▶ Data under study:
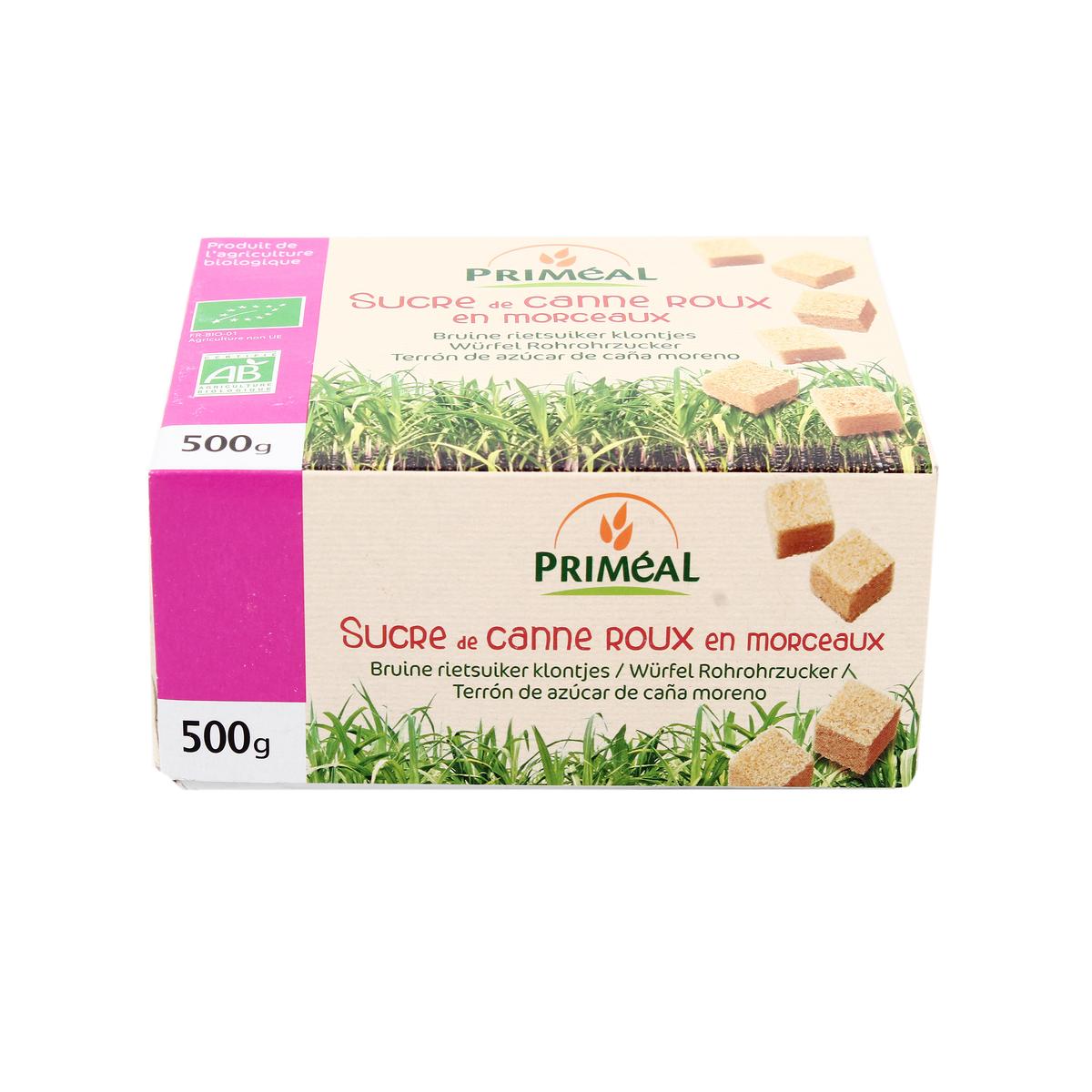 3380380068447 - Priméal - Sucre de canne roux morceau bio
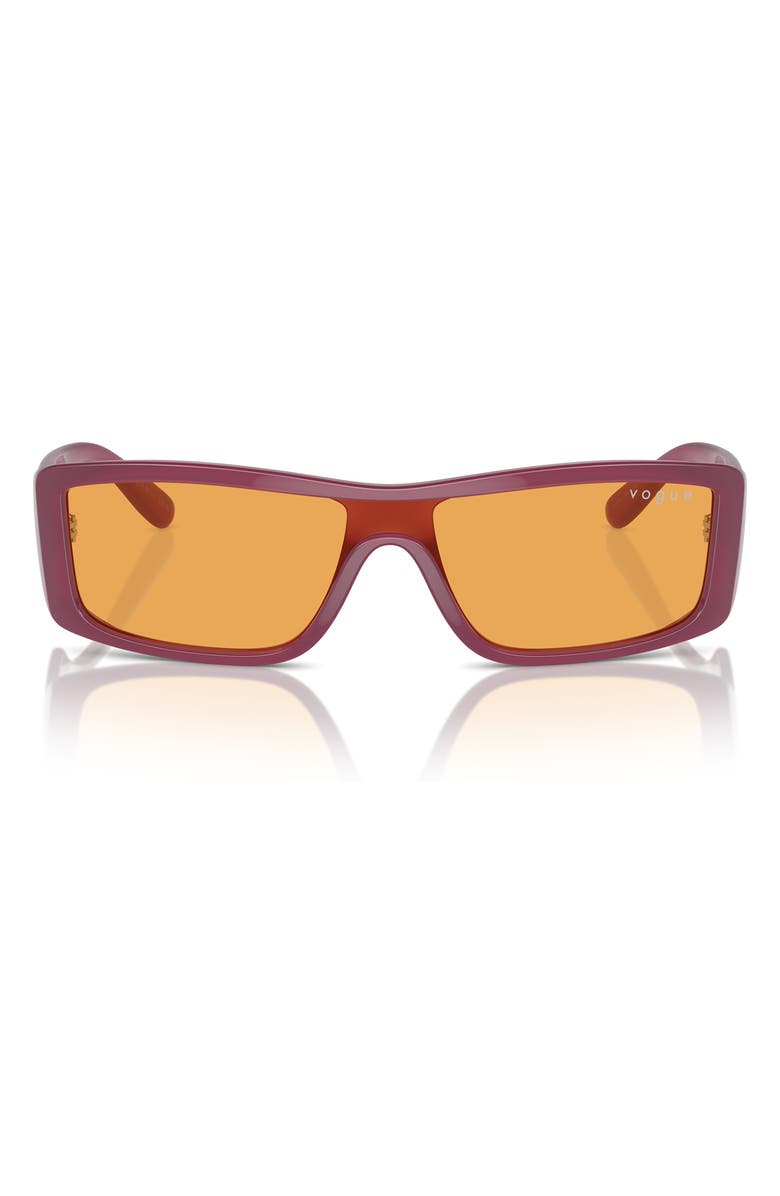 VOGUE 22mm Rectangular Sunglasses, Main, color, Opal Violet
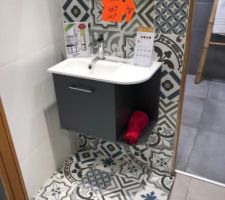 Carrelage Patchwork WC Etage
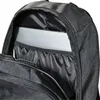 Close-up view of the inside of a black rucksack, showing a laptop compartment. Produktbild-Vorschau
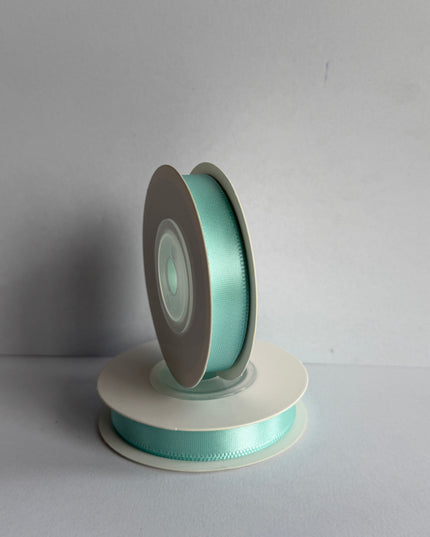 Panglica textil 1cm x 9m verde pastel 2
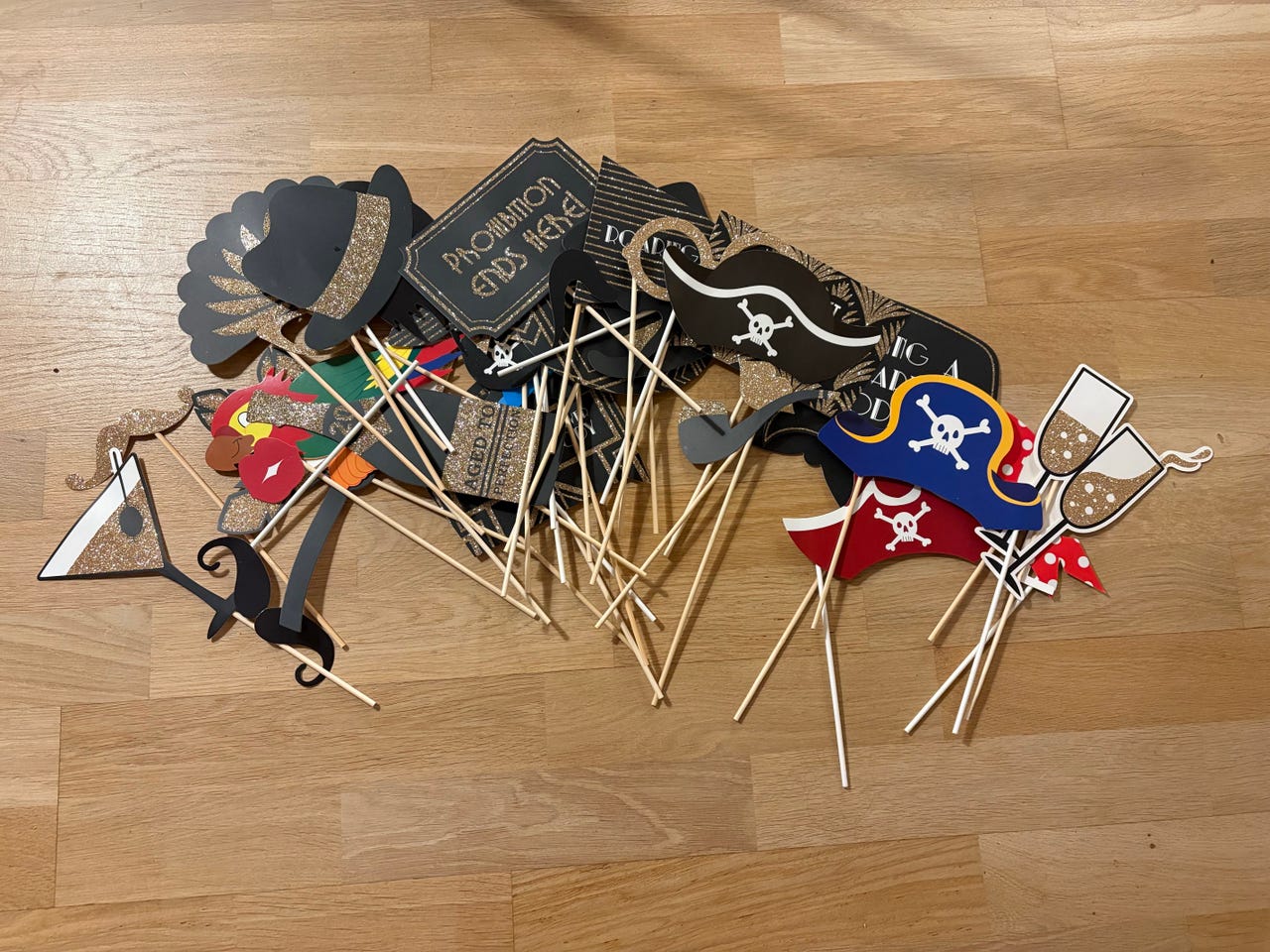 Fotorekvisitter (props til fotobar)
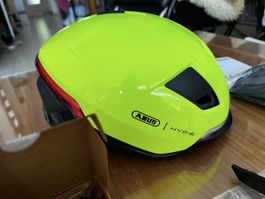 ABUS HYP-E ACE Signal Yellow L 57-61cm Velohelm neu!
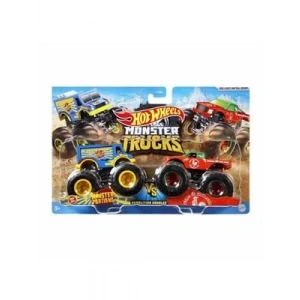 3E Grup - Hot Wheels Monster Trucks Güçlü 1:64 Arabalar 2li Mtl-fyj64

▶ The problem:
In the data above, the line containing "Fotorekvisitter (props til fotobar)" and all lines after it are to be reproduced exactly, leaving out the pictures.

▶ Exercise solution:
 Fotorekvisitter (props til fotobar)
 ABUS HYP-E ACE Signal Yellow L 57-61cm Velohelm neu!
 3E Grup - Hot Wheels Monster Trucks Güçlü 1:64 Arabalar 2li Mtl-fyj64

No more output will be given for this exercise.